AWS Database Blog

Ingest CSV data to Amazon DynamoDB using AWS Lambda

In this post, we explore a streamlined solution that uses AWS Lambda and Python to read and ingest CSV data into an existing Amazon DynamoDB table. This approach adheres to organizational security restrictions, supports infrastructure as code (IaC) for table management, and provides an event-driven process for ingesting CSV datasets into DynamoDB.

For many organizations operating in highly regulated environments, maintaining comprehensive audit trails of data processing is not just beneficial—it’s often mandatory for compliance. This solution addresses that need by automatically documenting both successful transactions and failed records, providing the transparency required for regulatory validation and reconciliation activities. By creating distinct outputs for processed and unprocessed items, the system provides the evidence necessary to satisfy auditors across financial services, healthcare, and other highly regulated industries where data handling documentation may be required.

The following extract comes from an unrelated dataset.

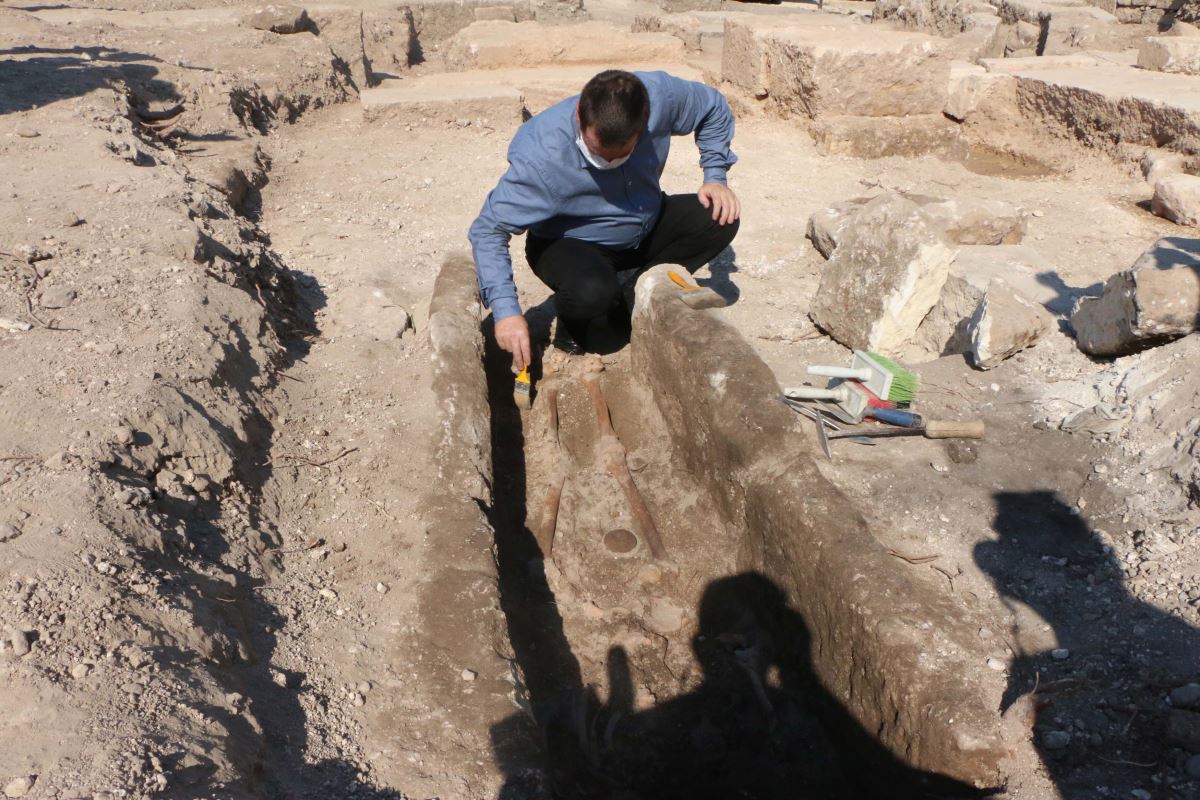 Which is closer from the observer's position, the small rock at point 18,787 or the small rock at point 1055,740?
the small rock at point 18,787

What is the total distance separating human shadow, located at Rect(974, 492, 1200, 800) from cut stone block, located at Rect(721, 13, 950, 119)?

Key requirements this solution addresses include:

  • Programmatically ingest CSV data into DynamoDB using an extract, transform, and load (ETL) pipeline
  • Continuously append data to an existing DynamoDB table
  • Extend the solution to on-premises environments, not just AWS
  • Use an event-driven approach as new data is available for ingestion
  • Alleviate dependence on the AWS Management Console or manual processes
  • Use audit trails for point-in-time snapshots of data transformed

This solution is ideal for small to medium sized datasets (1k-1M+ rows per file). If your requirements include ability to resume interrupted import tasks, ability to ingest large datasets, and compute time per execution longer than 15 minutes, consider using an AWS Glue ETL job instead of AWS Lambda.

Solution Overview

The data ingestion workflow is as follows:

  1. Use the AWS Command Line Interface (AWS CLI) or schedule a file transfer to upload CSV data to an Amazon Simple Storage Service (Amazon S3) bucket.
  2. Amazon S3 Event Notifications triggers a Lambda function.
  3. The Lambda function reads the CSV file from the S3 bucket, appends the data to an existing DynamoDB table, and persists transformed data to a JSON object in the original bucket.

The following diagram shows the end-to-end data ingestion workflow.

To set up the solution, use the following high-level steps:

  1. Create an AWS Identity and Access Management (IAM) role.
  2. Create a Lambda function and upload the Python code.
  3. Create an S3 bucket and event notification to trigger the Lambda function.
  4. Create a DynamoDB table.
  5. Generate a sample CSV file.
  6. Upload to the S3 bucket to import the CSV file to the DynamoDB table.
  7. Explore the DynamoDB table items.

In this example, we are using small resource sizing. As you scale the dataset size, consider the following:

  • Increase Lambda memory up to 10GB (max). This will also boost CPU allocation and network bandwidth.
  • Set the Lambda timeout to a maximum of 15 minutes (900 seconds).
  • Increase Lambda ephemeral storage to 10GB if processing large CSV files temporarily.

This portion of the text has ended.